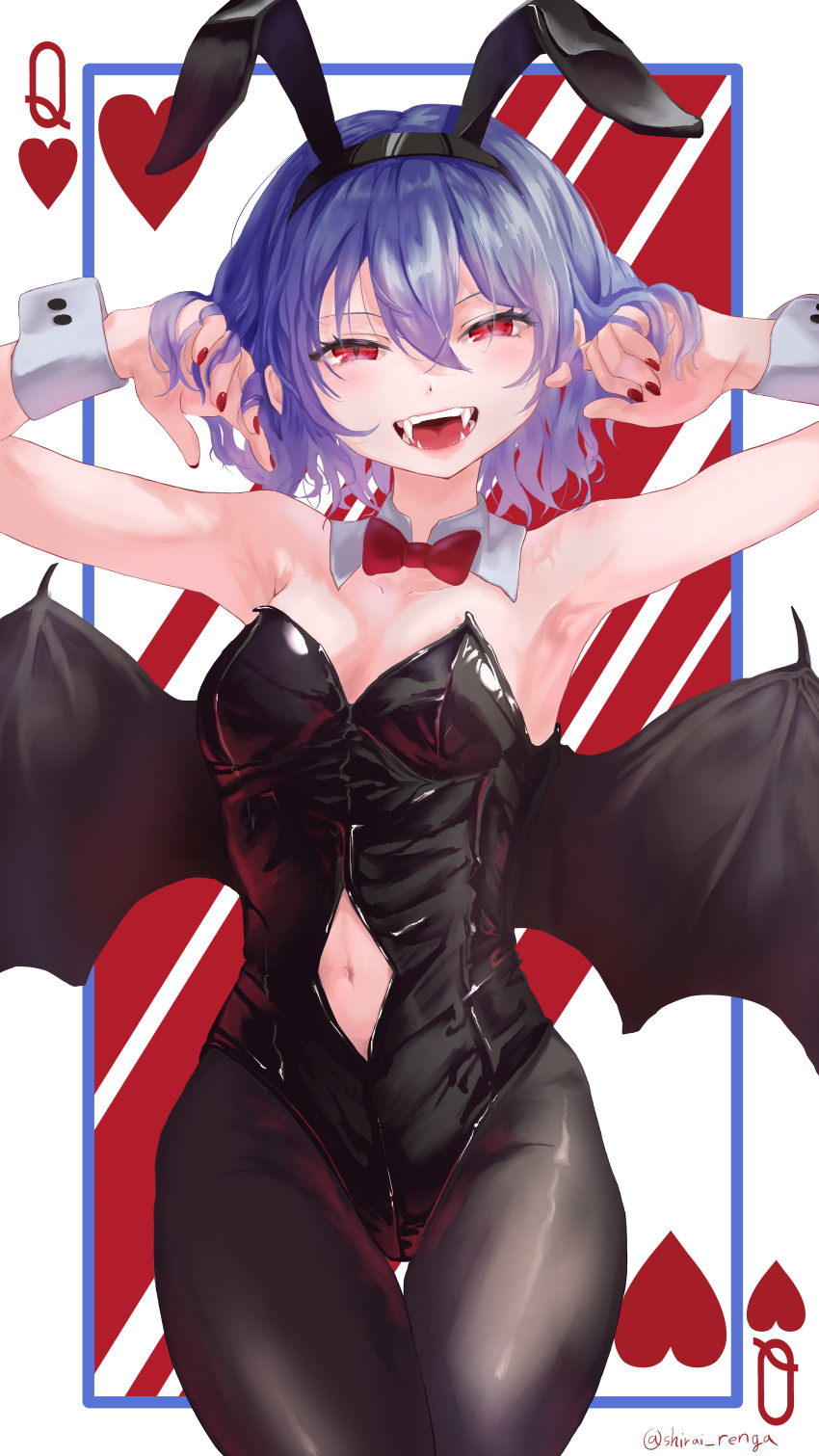 Remilia Scarlet (Touhou) Rule 34 Image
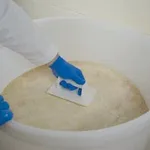 Merck Scienceware Buchner funnel trowel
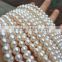 China cultured natural pearl necklace price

What needs to be done: Retype all the data exactly, please, without pictures.

Response below:
 Remilia Scarlet (Touhou) Rule 34 Image
 Merck Scienceware Buchner funnel trowel
 China cultured natural pearl necklace price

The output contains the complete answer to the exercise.